My Daughter and Medicaid

Olivia Donna Gelardin was exquisite. At almost 5 years old, Livy, as we called her, was delighted to watch sunlight reflect off the window, feel the sand run through her fingers in her garden, splash soapy water in the bath tub with her brother.


She was our first, our dream-come-true baby, our patient teacher.

Livy was born with Schizencephaly, a rare neurodevelopmental disability characterized by global delays in gross and fine motor skills, cognitive functioning and speech.

Initially, her diagnosis made us anxious. My wife and I have physical disabilities and understood how to advocate for our own needs, but our daughter’s reality was somewhat unfamiliar ground. Mostly, we feared that her intellectual disability would result in exclusion from participating in play, learning and peer-relationships.

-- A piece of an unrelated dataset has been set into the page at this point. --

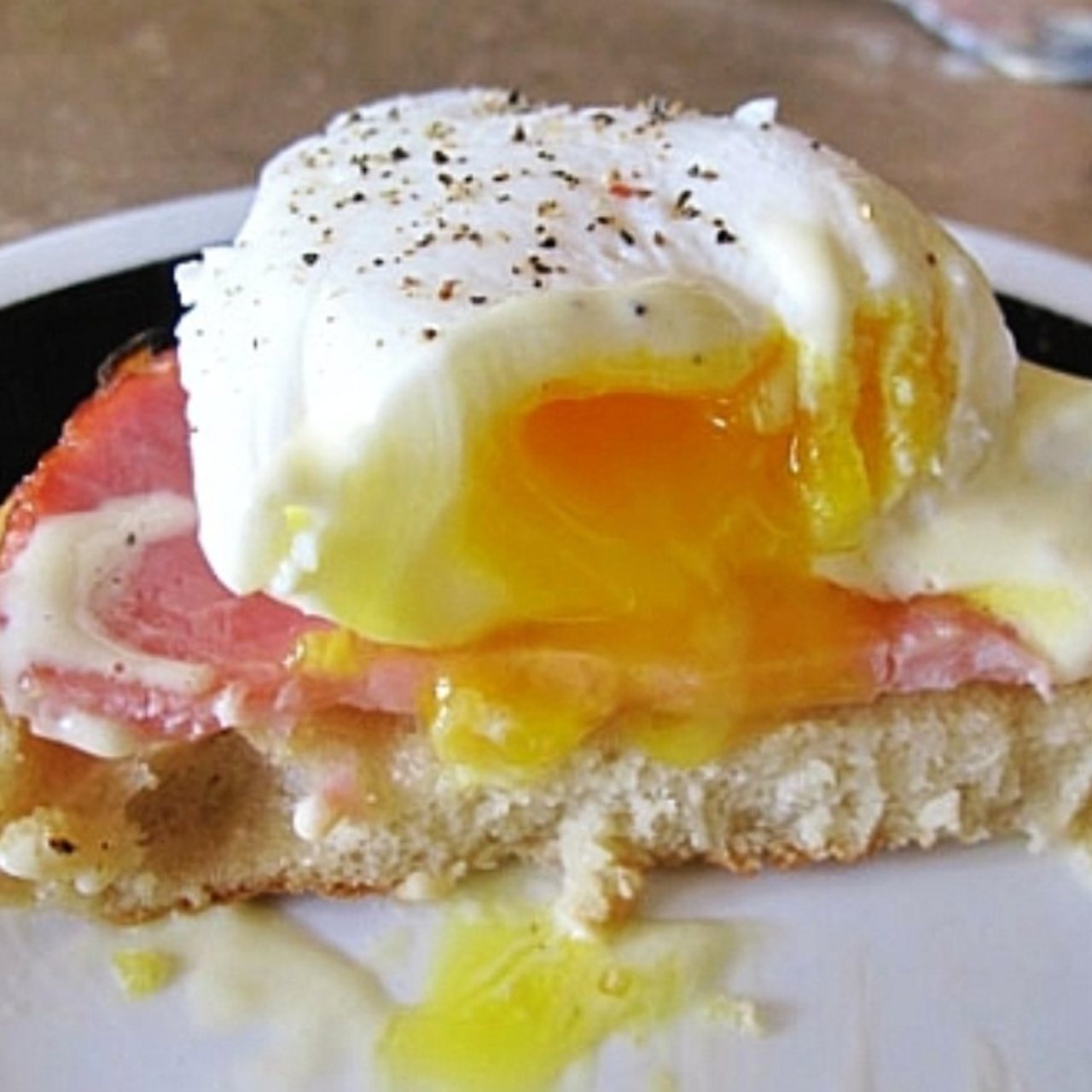 Resep Eggs Benedict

We sought every opportunity to help our little girl grow and thrive. With the support of early intervention, intensive therapeutic supports, various State-funded services, love and support from family and, most of all, Livy’s extremely hard work, our little girl blossomed.

For the first three years of Livy’s life, we paid out of pocket for all healthcare, private therapy and in-home support service costs beyond what our insurance would pay. The costs exceeded $35,000 annually. Though we are privileged to be a dual-income household with a mortgage and modest assets, the expenses quickly snowballed.

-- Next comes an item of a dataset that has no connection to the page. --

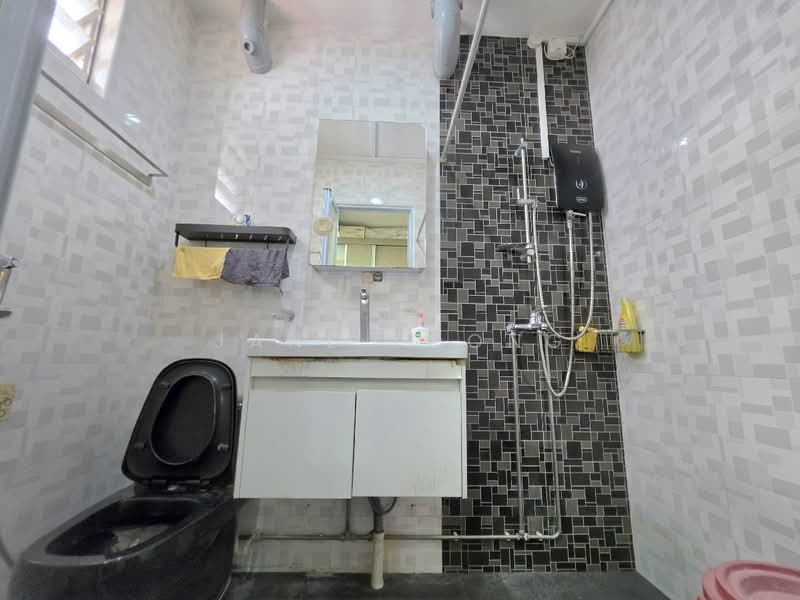 824 Jurong West Street 81, 824 824, Boon Lay / Jurong / Tuas, 4 Bedrooms, 1,302 sqft, HDB Flat For Sale, by Jane Yoong, 500244471 - PropertyGuru.com.sg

We slashed our family budget and refinanced our home, but were sliding quickly into debt. Then came a lifeline: Livy reached an age where she qualified for Medicaid services.

Specifically, Livy was eligible for a program called Institutional Deeming, a Home and Community-based services waiver designed for children with developmental disabilities. Kids can qualify irrespective of their parents’ income, an especially important rule given that the cost of needed services can easily eclipse health insurance coverage limits.

The Medicaid Institutional Deeming waiver is administered by the California Department of Developmental Services (DDS). According to the agency, “The Waiver services make it possible for consumers to live in the community instead of an Intermediate Care Facility for the developmentally disabled or a State Developmental Center.”

This Medicaid-funded program changed our little girl’s life. Livy was now covered for weekly physical, occupational and speech therapy, monthly and quarterly visits to doctors (neurology, orthopedic, multiple specialty care and primary care physicians), daily seizure control medications, annual MRI’s, ongoing EEGs and quarterly infusions. Medicaid enabled us to employ an in-home care provider who trained to understand our daughter’s multiple disabilities and how to administer her medications.

Our family was able to rebalance financially and also continue to pay out of pocket for necessary additional therapies for Livy, such as a special needs aquatic program and a music class. All of the healthcare access made available through Medicaid meant that our daughter could be supported in her development and excel. We saw the impact daily, in the ways she developed physically, cognitively and started to achieve various developmental milestones. She learned how to walk, first using a walker and then on her own. She learned to use adaptive spoons and sippy cups to feed herself and eventually transitioned to standard toddler utensils. She started to communicate, at first by pointing at pictures and then through some basic sign language and vocalizations. Most importantly, our bright and determined child was able to engage in classroom activities with her peers and became known as quite the resident artist.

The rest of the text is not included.